Fishing boat? Peter admits that it was a tongue-in-cheek claim. The 1903 Glasgow-built vessel – five times longer than a herring drifter - had been “a frozen whale meat carrier,” according to a directory. Her visit to Yarmouth was “to refrigerate fresh herrings.”

And from sea to land, and a 1941 photograph I published of the Yarmouth-based 11th battalion Norfolk Home Guard C Company. The information I was given was that the location was the Hospital School in Yarmouth but reader John Sadler, of Dorothy Avenue, Bradwell, assures me that the picture was taken on the Grammar School playing field in front of classrooms.

I cannot doubt his word: “I’m the sergeant fourth from the right in the back row,” says 93-year-old widower John. “I’m the only one there who is still alive!”

He says the company’s headquarters were at the old Temple Schoolroom in the town centre.

He named several of the 29 uniformed men in the picture, including Arthur Symonds, port engineer (“He and I were both in reserved occupations”), Sgt Freddie King, Sgt Major Pratt, 2nd Lieutenant Clements, Capt Ernest Applegate (Mayor of Yarmouth in 1959), Major Clowes (grocer) and Mr Todd (fireman).

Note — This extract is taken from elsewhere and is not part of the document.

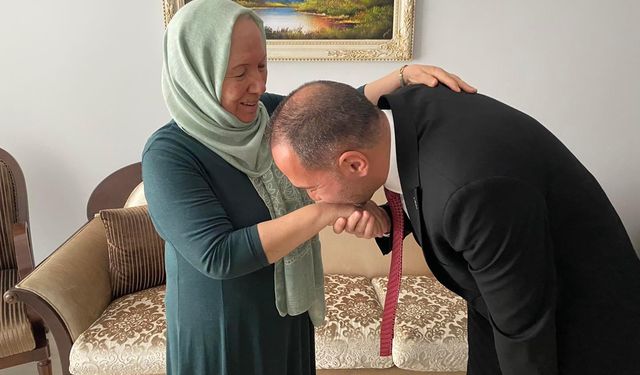 Annesinin hayır duasını alıp Ankara’ya doğru yola çıktı 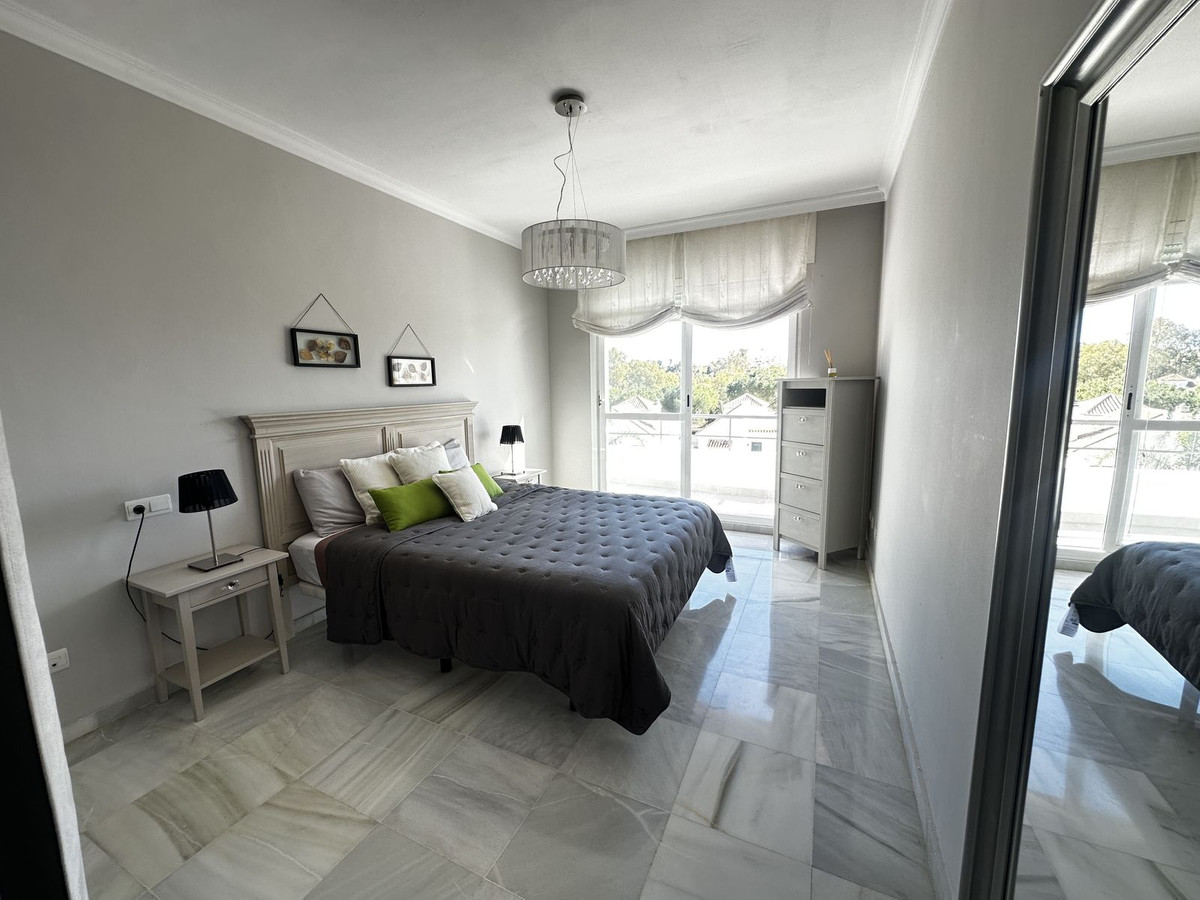 Apartamentos de 2 dormitorios en venta en Nueva Andaluc�a – R5356906 Apartamentos de 2 dormitorios en venta en Nueva Andaluc�a – R5356906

“Reserved occupations” covered those whose important ‘civvie’ jobs required their presence hereabouts, so they were not enlisted into the armed forces. John spent 46 years with the East Anglian Water Company and its Essex and Suffolk Water successor, and Arthur Symonds’ role here as the port engineer was essential because Yarmouth was a prime naval base.

Off duty, Mr Sadler – who retired from work 33 years ago - was an all-round sportsman. “I played football, cricket, tennis and went swimming, and I played golf at Caister.” he tells me.

Finally, a scary moment. Recently Mrs Peggotty and I sat in sunshine outside Costa Coffee on the corner of Regent Road and Theatre Plain as a woman at the next table lifted a pastry to her mouth. In a split second, a seagull swooped in a vain bid to snatch it from her.

Luckily, no injury was caused. We swiftly left.